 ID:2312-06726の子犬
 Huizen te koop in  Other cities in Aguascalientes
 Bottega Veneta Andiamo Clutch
····················
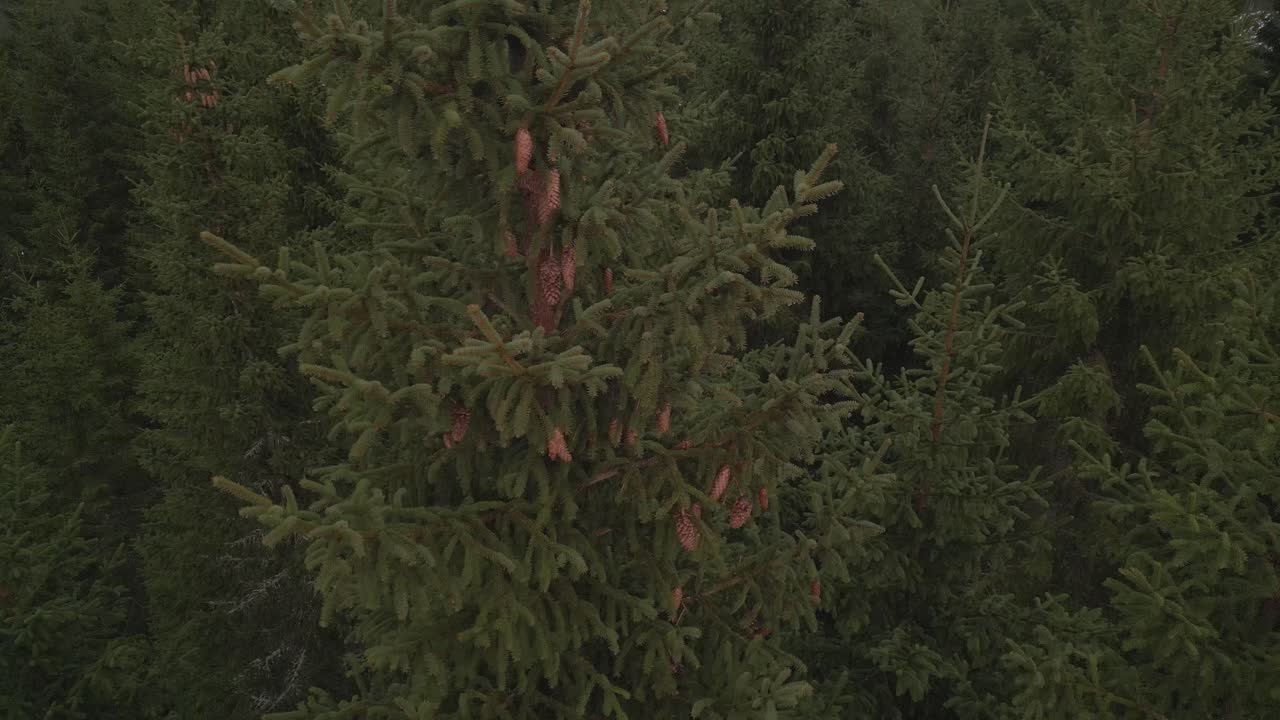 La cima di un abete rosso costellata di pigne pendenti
····················
Your goal: Take the line above containing "ID:2312-06726の子犬", the line containing "Bottega Veneta Andiamo Clutch", and all lines in between, and copy them exactly without anything else.

Worked solution:
 ID:2312-06726の子犬
 Huizen te koop in  Other cities in Aguascalientes
 Bottega Veneta Andiamo Clutch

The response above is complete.